UnrealBuildTool race condition in ImmediateActionQueue

We found some intermittent failures in UBT where it would appear to just stop suddenly after completing an action and end with exit code 6.

We tracked it down to what seems to be a race condition in ImmediateActionQueue.TryStartOneAction(). Between the first part of the method where the action is attempted to be started, and the end where it checks for a stall, the number of active actions may decrease if an action completes. This can falsely indicate a stall, if we are waiting on actions to unblock the next action, but they complete during execution of this method and the number of active actions ends up at 0 by the time we do the stall check.

We have a repro case here with some extra debugging to make the sequence of events clearer.
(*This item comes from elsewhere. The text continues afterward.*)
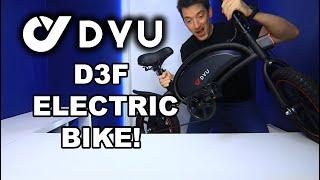 DYU D3F FOLDABLE ELECTRIC BIKE REVIEW!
The actual behavioral changes are to add a sleep to TryStartOneAction(), and to force using the ParallelExecutor as it creates a single ImmediateActionQueue runner of Automated type. https://github.com/EpicGames/UnrealEngine/pull/13918

The race condition itself can occur even with other executors, but in cases like UGA where there’s a manual runner as well, the stall check will always pass on the manual runner, so it doesnt really matter. For us, in our FASTBuild executor we end up with some actions we pass off to a ParallelExecutor, which is why we saw this to begin with.

Ideally for us, we could get a fix in for the bug itself (even if it doesn’t manifest in any default Engine usage), so we can mitigate it on our end without incurring more divergence, until we’re ready to fully swap over to UBA. I have a proposed fix here, which is to just pull the stall check up into action lock scope https://github.com/EpicGames/UnrealEngine/pull/13917

Steps to Reproduce

https://github.com/EpicGames/UnrealEngine/pull/13918

I’ll take a look this week, at a quick cursory glance it seems fine to me. We can’t modify the UE5.7 branch anymore though, and I don’t think I’ll be able to get this into the UE5.7 release either since we’re past the commit cutoff so it’ll most likely be committed to ue5-main for the next release.

I’ll most likely take your change as is, if not I’ll let you know either here or in the comments on the PR.

Hey Joe. Thanks for taking a look!

No worries about not making it into 5.7. I realized when I said “without more divergence” I should have said non-temporary divergence. If we believe something approximately like this is coming later we’re happy to apply it internally now.